今回は事業承継の一つである従業員(社員)承継について解説していきます。

従業員承継とは、その名の通り会社を役員や従業員に承継させることをいいます。近年では、息子や親族に承継させる親族内承継は減少傾向にありますが、逆にこの従業員承継は増加傾向にあります。その理由としては、①素質のある人を幅広く選定することが出来る②会社のことを理解している人に承継してもらえる③他の社員や取引先の理解を得やすいといった点が挙げられます。

デメリットとしては、株式譲渡の対価の問題が出てくる可能性が高いことや会社を理解していることの裏返しで、会社が発展しない可能性もあることが挙げられます。

<実際に事業承継する際の流れ>

①会社の状況を把握し候補者を選定する

まずは会社の置かれた状況をもう一度把握することから始めます。その後、後継者候補を選定していくことになりますが、共同創業者・他の役員・素質のある社員等といったところが候補になるでしょう。

②候補者の育成と周知

候補者として選定された人でも初めから会社経営をする能力は無いので、経営者としての育成をする必要があります。多くの実務経験を積ませることが大切です。

また事前に会社内・会社外に周知することも必要です。周知するタイミングは早すぎたり遅すぎたりしないことが重要ですので、慎重に見計らいましょう。

③株式の移転と業務の引継ぎ

従業員に会社を継がせる場合でも、基本的には株式の移転を行います。株式の移転には①対価を払ってもらう譲渡②無償で譲る贈与③現経営者が亡くなった時に移転させる遺贈があります。

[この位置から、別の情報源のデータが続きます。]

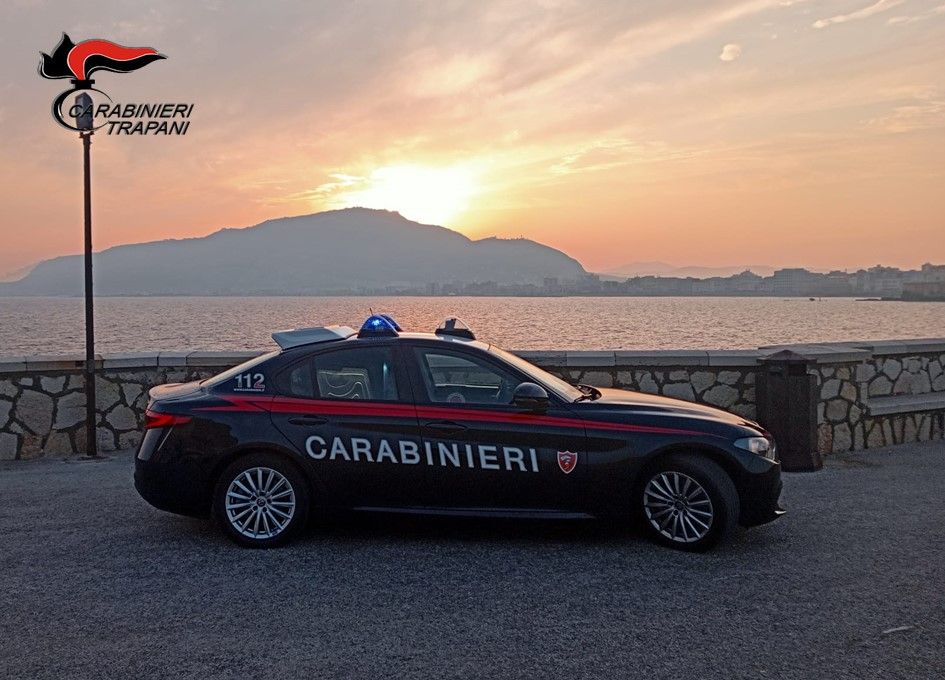 All’alt dei Carabinieri butta dal finestrino 1 kg di cocaina, arrestato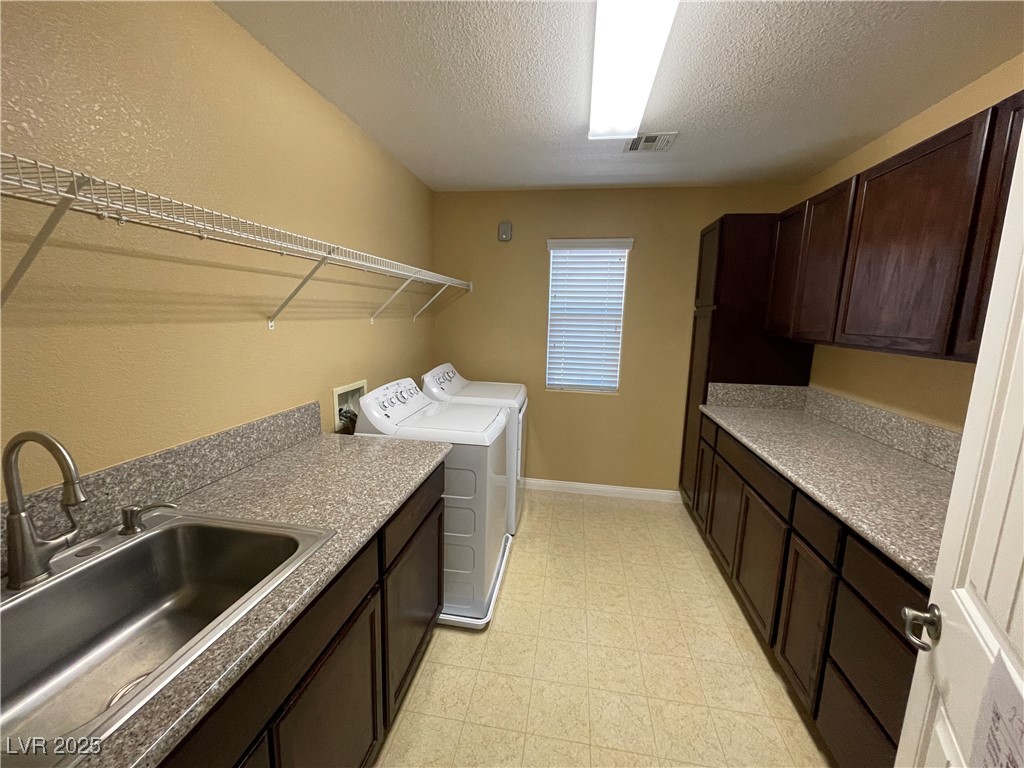 9072 Sendero Avenue Las Vegas NV 89178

最後には経営者が行っている業務の引継ぎをすべて終了したら、事業承継は完了となります。

株式の移転等、事業承継には税務上の留意点がたくさんあります。膨大なプロセスが必要な事業承継を経営者のみで行うことは非効率であり、様々なリスクも抱えることになりますので、税理士等の専門家と一緒になって考えていくことが大切です。